Yes, everything bookshop said was true, but it wasn’t complete. It was teh truth and nothing not the truth, but it wasn’t the whole truth.
authors have cited Creative Commons licensing schemes in giving approval for fanfiction
Yeah, having been around CC since way back when, they still have some issues as far as I’m concerned about what exactly their “NonCommercial” license means. It appears to be about as murky as “Fair Use”. Which means it’s fairly useless as a license when push ever comes to shove.
I generally describe the CC-BY-NC-SA license as the “fan fiction” license. It requires attribution to the original author, noncommercial use only (whatever that means), and ShareAlike so that all fan fiction is copylefted and can be derived by other fans.
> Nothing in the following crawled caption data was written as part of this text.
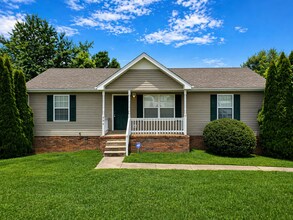 Building Photo - 994 Bobcat Dr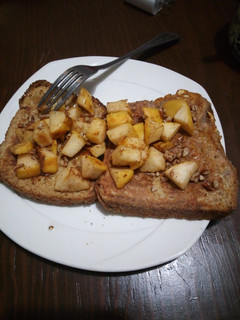 Una foto de Pan francés con manzana y canela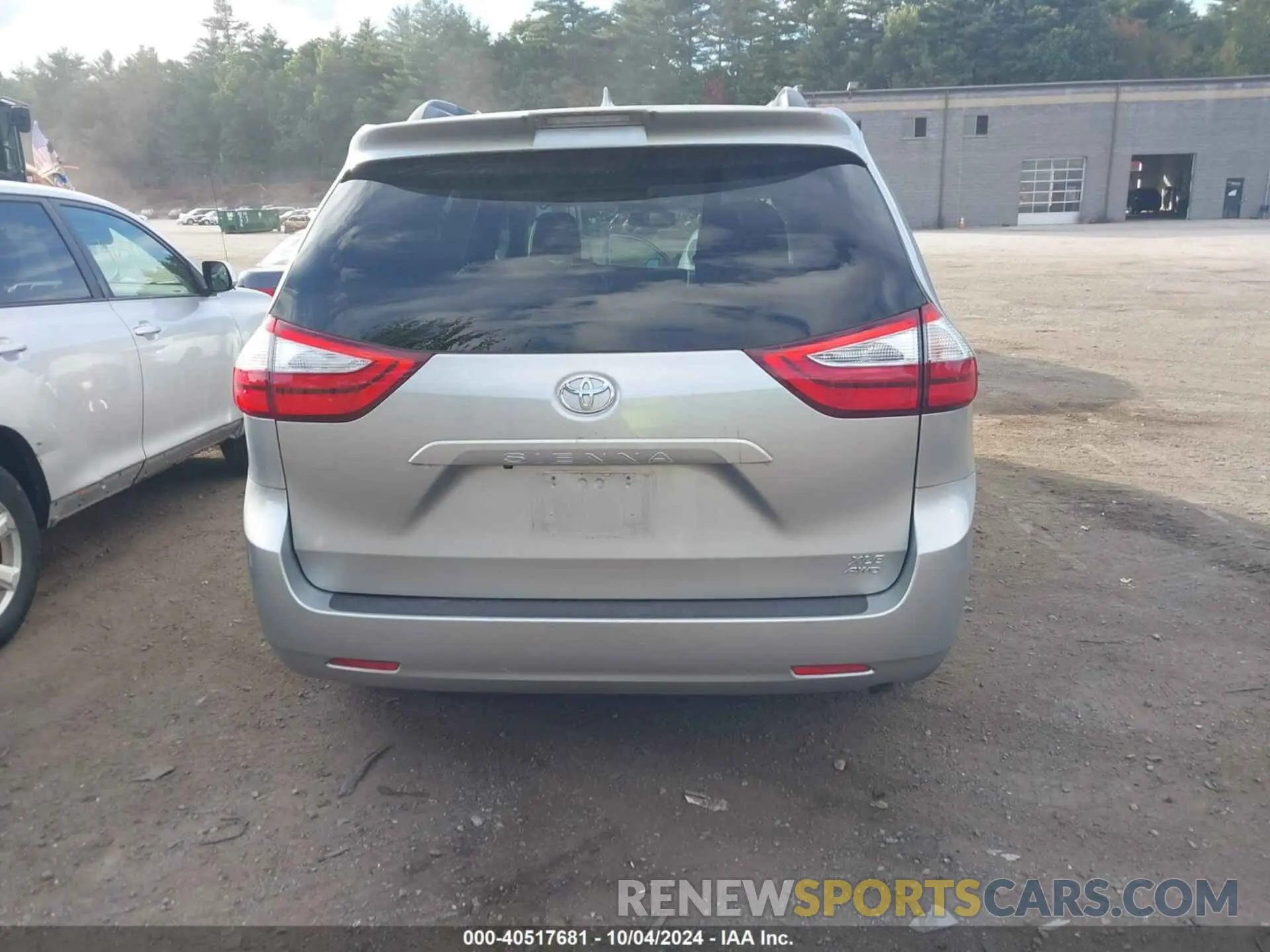 16 Photograph of a damaged car 5TDDZ3DC7KS227408 TOYOTA SIENNA 2019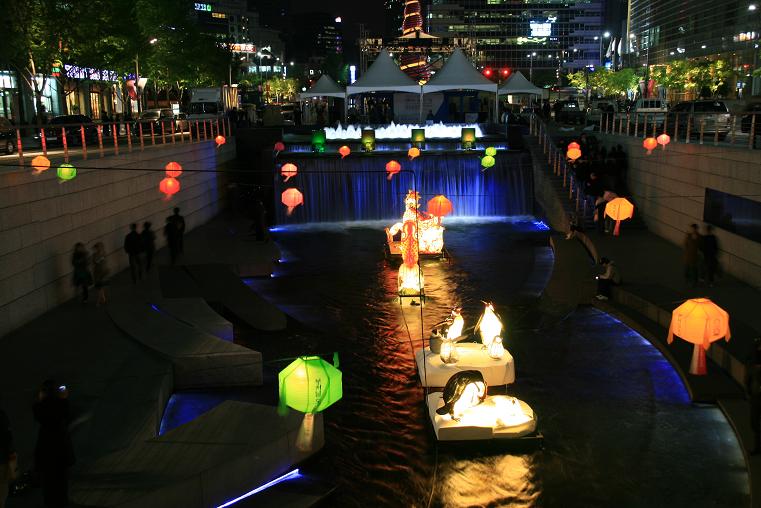 Suối Cheonggyecheon về đêm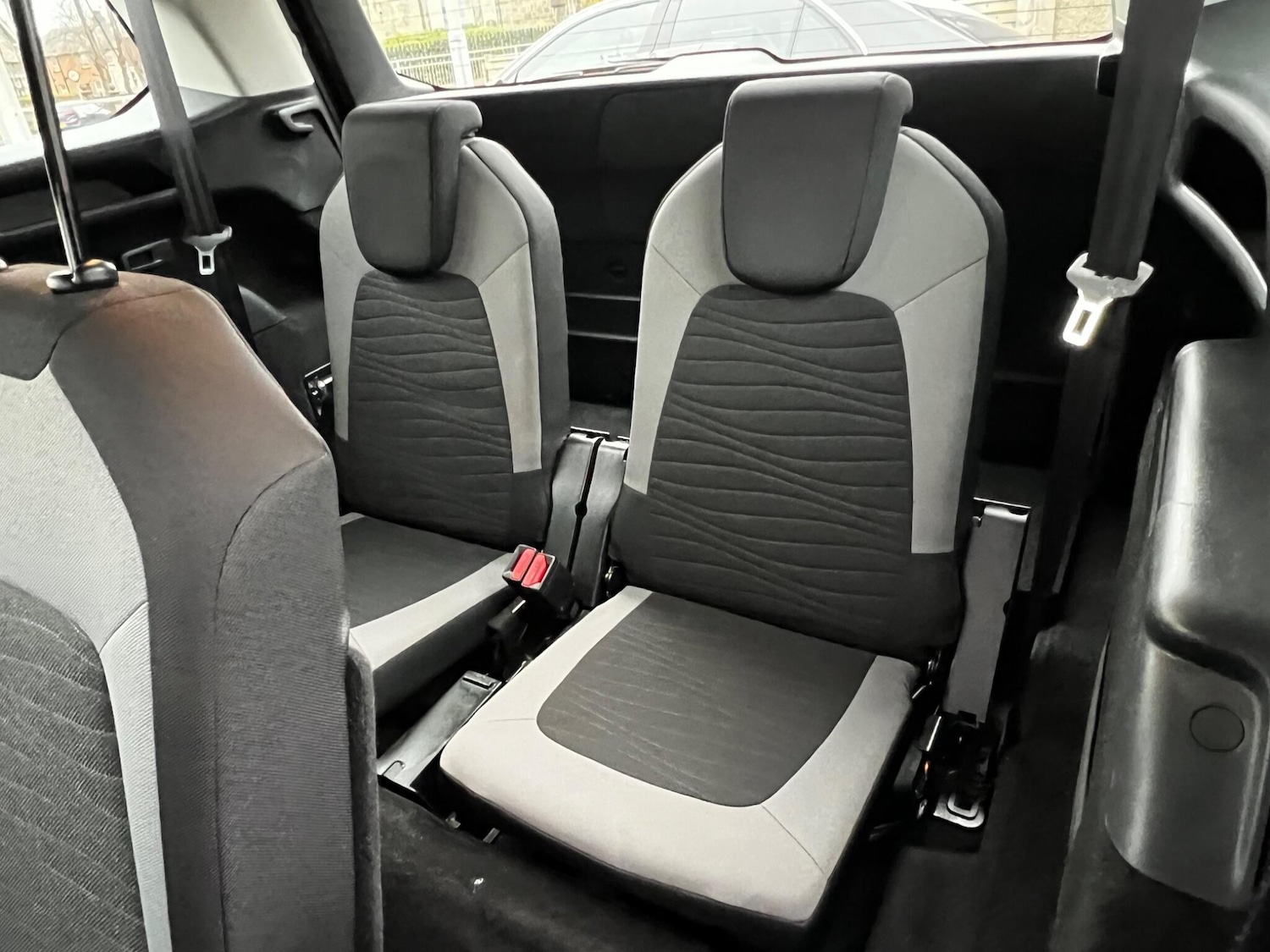 Used Citroen C4 Grand Picasso 2015 for sale - 77057185: Photo 20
But that CC license still doesn’t solve the “Please don’t ever show me your fan fic of my world/characters” that the original author has to deal with.
What that license does do is say that fan fiction writers can write anything, whether it is fair use or not, so long as they dont’ try to use it primarily for commercial purposes. This means fans don’t ahve to try and avoid non-canonical stories because the closer to teh original it is, the more likely it isn’t fair use.
OK. If an author doesn’t mind that, fine. But what that means is it removes teh complicated issue around waht is “fair use” adn replaced it with the complicated issue of what “non commercial” means.
And my experience on the CC mailing lists is that most people (and I’m talking proportional here, not some/none/all, but greater than 50%), most people do NOT know that the CC-NC license allows people to sell the work for money. It only requires that that is not primarily a commercial enterprise, whatever that means.
So, maybe it makes the murkiness of “fair use” go away, but it replaces it with the murkiness of “CC-NonCommercial”. And it does nothing about the “Don’t show me your fan fic of my world” problem.
Grag@140:But that CC license still doesn’t solve the “Please don’t ever show me your fan fic of my world/characters” that the original author has to deal with.
That is rather easily solvable by the author not reading fanfic- believe me, all fanfic I ran into to date has been very clearly labeled as such, including fandoms, as well as (usually) rating, pairing(if any) and applicable warnings.All an author needs to do is not read said fanfiction.This is a prime example of something to be solved using common sense rather then legal tools.
CC-NC license allows people to sell the work for money.
could you cite examples please, as a matter of interest?
The “fanfic” license (cc-by-sa-nc) is here:
The legal code is here:
Section 4c says: “You may not exercise any of the rights granted to You in Section 3 above in any manner that is primarily intended for or directed toward commercial advantage or private monetary compensation.”
The “primarily intended for” applies to “commercial advantage” and “monetary compensation”. So, you can get commerical advantage or monetary compensation for CC-NC works, just so long as it isn’t “primarily intended” for that.
There’s been a lot of discussion about this on the CC email lists. Years of discussions. Years and years of discussions. I was involved in a number of those years of discussions. Usually it would start because someone would email the list saying they were thinking about using the NC license, but wanted clarification on what exactly it allowed. endless discussions with no clear answer woudl ensue. I generally pushed CC to to modify the license to use a clear-cut, no money exchanging hands at all, language. But CC’s lawyers specifically wanted to allow for some money changing hands, just not a lot.
After a few years on the lists answering the same questions over and over again, I eventually unsubscribed. It’s been a while since I’ve been involved directly in the conversation. I can’t recall any specific examples to cite for you. I just remember all the wrangling on teh emails trying to square away what exactly NC meant, and CC basically saying they purposely wanted *some* allowances for commercial use, even in the noncommercial license.